Review: Handle With Care
Grandma’s body is missing and has to be found in 24 hours so her granddaughter can ship it back to Israel for a proper Jewish burial. And it’s Christmas Eve. And the story here is presented in both English and Hebrew dialogue.
B Street Theatre’s Handle With Care, by playwright Jason Odell Williams, sounds like an improbable holiday mashup because it is. This light romantic comedy is filled with irrational coincidences, improbable plot lines and unlikely love connections. But in the end, Handle With Care works because it gives us less schmaltz and more heart.
And most of the heart comes from the four-member cast—a versatile Stephanie Altholz as the cynical, vulnerable granddaughter Ayelet, Eve Sigall as the well-intentioned grandmother Edna, Tyler Pierce as lonely mensch translator Josh, and Jason Kuykendall as the bumbling delivery driver Terrance.
The story takes place in a Virginia hotel room where Terrance is trying to explain to Ayelet that he’s lost her grandma’s body while trying to deliver it to the airport. Because Israeli visitor Ayelet only speaks Hebrew, Terrance calls in his childhood buddy Josh who “speaks Jewish” to translate. Turns out Josh only knows very limited Hebrew from his bar mitzvah days, but is willing to help.

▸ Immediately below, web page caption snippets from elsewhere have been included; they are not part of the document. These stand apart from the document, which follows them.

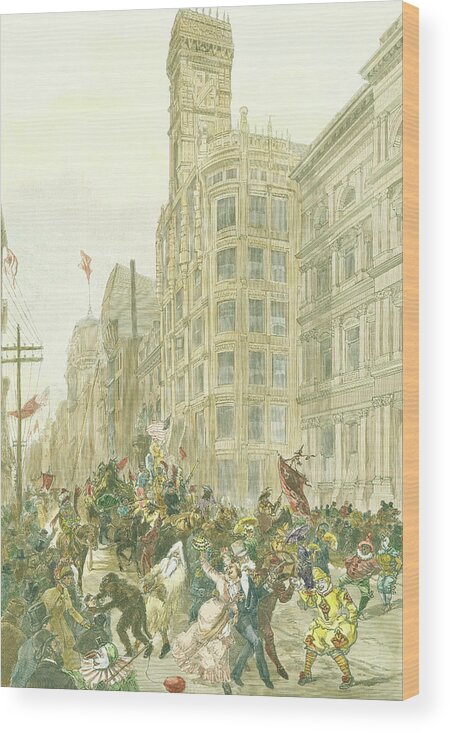 Mummers Parade Wood Print featuring the drawing New Years Mummers on Chestnut Street by Schell and Hogan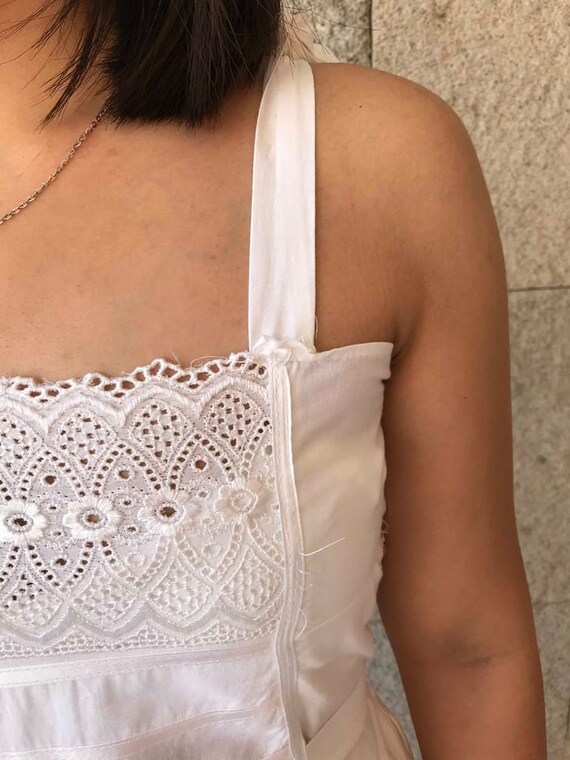 Beach party vintage mexican dress, floral embroid… - image 3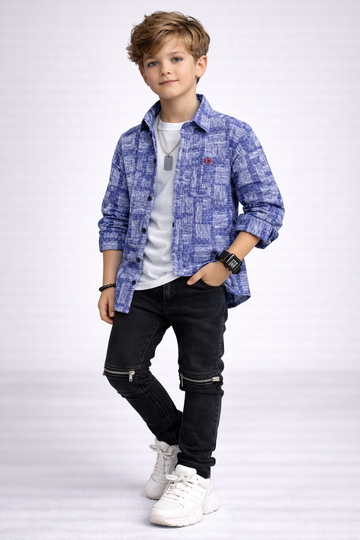 Kids Stylish Long Sleeve Shirt for Boys | Trendy Fashion Outfit UAE (2-12yrs)MH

We get the grandmother-granddaughter back stories through flashback scenes. And though granddaughter and her grandma only speak Hebrew, the scenes are delivered in English, and though a bit confusing at first, it all works.
Added charm arrives via the set changers in hotel uniforms who choreograph the rearranging of props between scenes of this sweet holiday love story.